BRIEF: Only the lines below from the one containing "Nuevo Modelo 2025" through the one containing "EMERY ROSE Plus" belong in the answer, set down exactly, with the pictures left out.

EXCERPTED DATA:
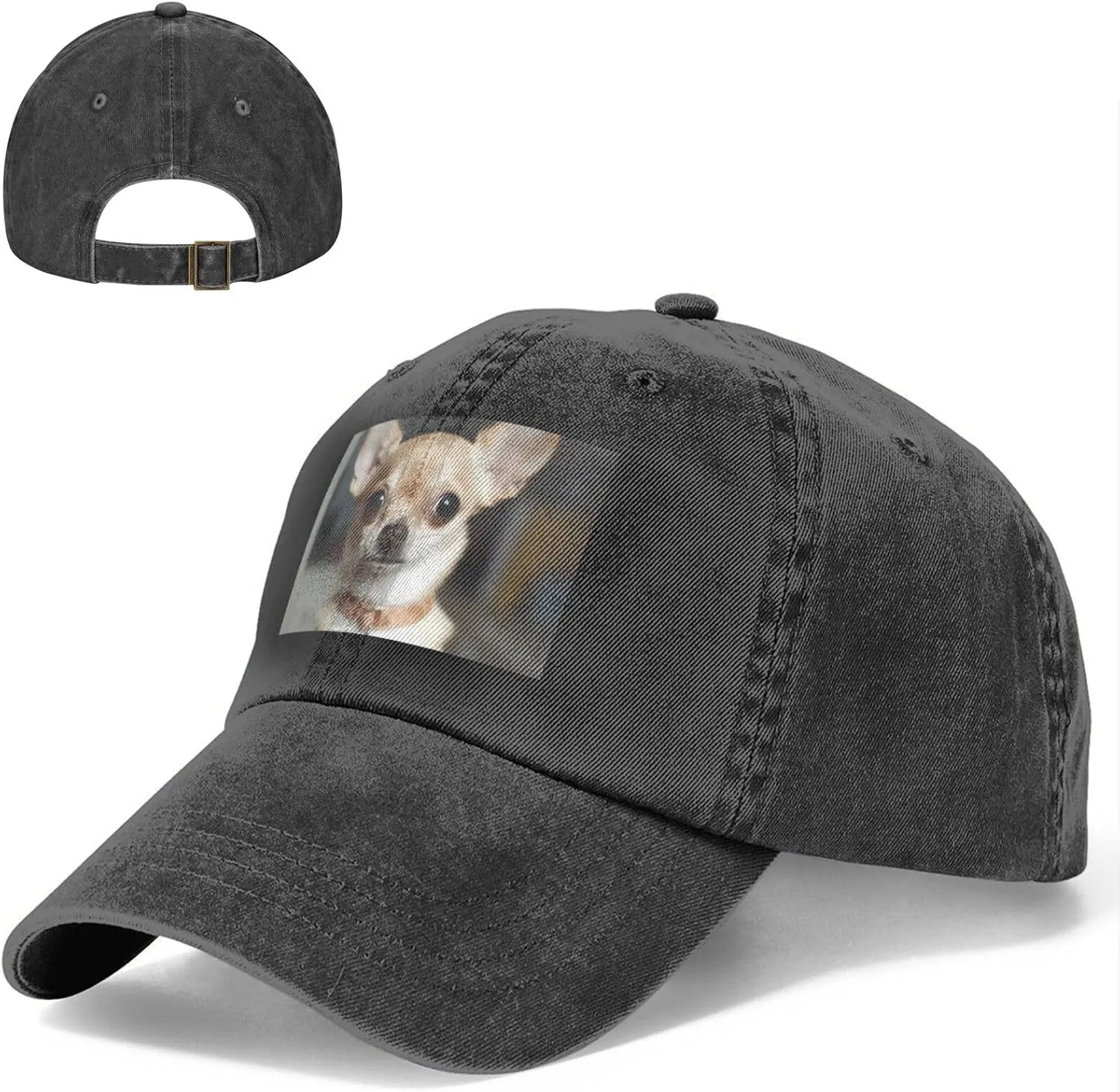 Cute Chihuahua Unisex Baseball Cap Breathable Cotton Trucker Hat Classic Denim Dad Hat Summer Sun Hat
---
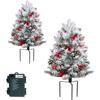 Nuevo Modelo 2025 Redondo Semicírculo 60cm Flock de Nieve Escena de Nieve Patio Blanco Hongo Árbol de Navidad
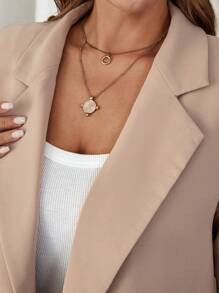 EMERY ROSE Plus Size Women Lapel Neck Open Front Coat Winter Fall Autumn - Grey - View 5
...
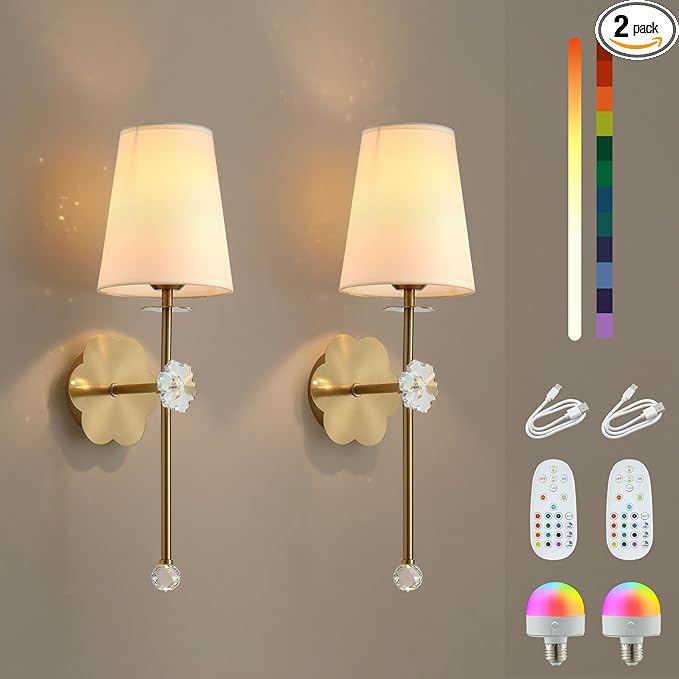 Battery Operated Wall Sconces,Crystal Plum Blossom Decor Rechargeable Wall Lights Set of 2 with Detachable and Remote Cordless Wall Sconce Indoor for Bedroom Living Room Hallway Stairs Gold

RESPONSE TO THIS EXERCISE:
 Nuevo Modelo 2025 Redondo Semicírculo 60cm Flock de Nieve Escena de Nieve Patio Blanco Hongo Árbol de Navidad
 EMERY ROSE Plus Size Women Lapel Neck Open Front Coat Winter Fall Autumn - Grey - View 5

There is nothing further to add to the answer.